Elite armed gardai and specialist negotiators were drafted on to the streets of Cavan town as Oliver Kierans holed up in a basement of his local pub for more than seven hours overnight.
Jeweller Hubert Jennings was stopped getting back into the town centre by officers, who had closed down a large part of the area.
The 66-year-old was trying to reach his wife in their home next door to The Square Bar, where Kierans had barricaded himself in.
"I've never seen the like of it, you wouldn't see it in the wild west," he said.
Mr Jennings said gardai eventually rang his 63-year-old wife Jean inside the terraced house, flanked on either side by their shop and the pub, and ordered her to the front door.
"They met her at the door with their shields and brought her down the street," he said.
"She was really frightened. She's not too good today, she's still frightened. She was terrified. She won't talk about it."
The couple spent the night with their daughter out of town and only heard what had happened when they returned to Bailieborough in the morning.
Mother-of-four Patricia Kierans had been found shot dead in a house on the outskirts of the town, and her estranged husband Oliver was arrested after the stand off.
"I was surprised when I heard who it was," Mr Jennings continued.
"Sure I knew them well. We'd see them every day.
"They both used to work in the pub cleaning."
Retired butcher John E Sheanon, who lives across the road from the scene, said his family were ordered to stay indoors as events unfolded.
"They told us to stay indoors, they were adamant about that," he said.
"They made us aware of the situation and explained to us what procedure to follow."
Mr Sheanon said it was like a curfew had been put on the town, and compared it to being in a shelter during an air raid.
"This whole area was cordoned off," he said.
"The gardai did their job very discreetly and professionally."
Locals said up until recent months Mrs Kierans was regularly seen going to and from the pub several times a day, sometimes bringing in a meal, believed to be for her husband.
It is understood she also once held a cleaning job at The Square Bar, along with her husband who did odd jobs.
Mr Sheanon said the town has been bereaved and paralysed by her death and his arrest.
"There is a very subdued atmosphere," he said.
"People are just shocked at the whole crisis because both parties are very well known in the area.
"It's very sad. It has paralysed the town."
The former businessman described Mrs Kierans as a good "all rounder".
"By definition she was a lady," he said.
"She would be very quiet and very reserved, went about her daily chores.
"She was run of the mill, she would have done some work locally.
"She was regarded as very efficient, tidy and clean, a very good worker, and a good mother.
"A good all rounder you can say."
Mrs Kierans' husband was described as "a character" who was well known to local gardai, but did not have any previous convictions.
The former taxi driver was a regular punter in The Square Bar, where he also worked doing odd jobs.
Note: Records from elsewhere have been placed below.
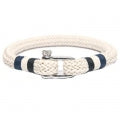 FRANK 1967 JEWELS 7FB-0142 Schmuck ansicht-2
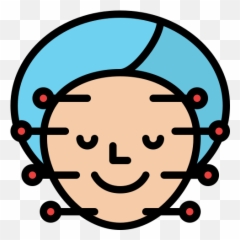 Home - Asociatia Europeana De Hipnoacupunctura Hipno Tratamiento Facial Icono Png Emoji,Ce Inseamna Emoticon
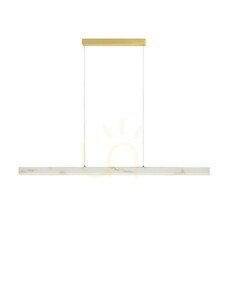 LANZAROTE Luces Exclusivas Pendelleuchte LE46088 small 0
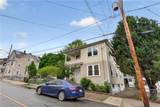 31 Bowdoin Street - Photo 31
Local residents said the woman's husband came from a large family in the locality and was well known.
His elderly father and several siblings still live in the area and are said to be stunned.
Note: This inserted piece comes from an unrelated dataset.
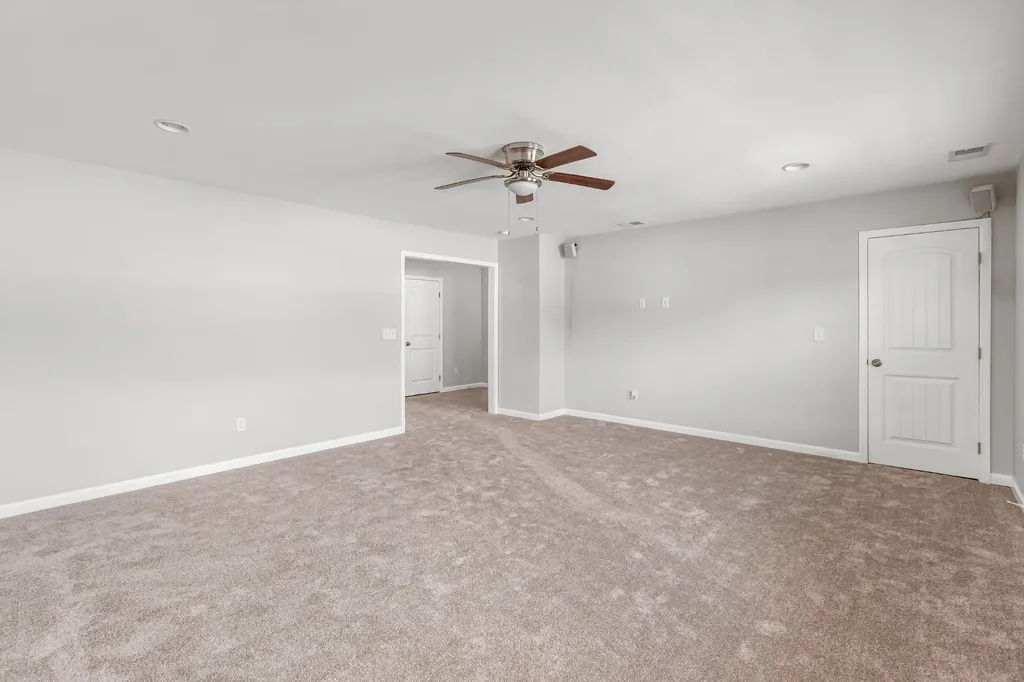 1605 Villa Circle Lebanon TN 37090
"He was a quiet fella," said one man, who asked not to be named.
Mr Kierans owned land and had a farm that he bought some years ago, but most locals were unsure if he still owned it.
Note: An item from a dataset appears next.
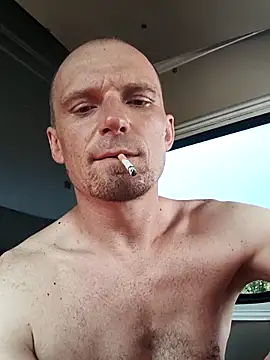 great feeling online show from 8, 9, 2025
"He also had a small digger too at one stage and did lawns for people," the man said.
Three of their children, Oliver, Gerard and Julie, were already living in Australia and Shane, who lives with his wife and children in the locality, flew out on Thursday to look at setting up home out there.
It is understood the tragic news was broken to him when he was stopped by officials at an airport mid-journey.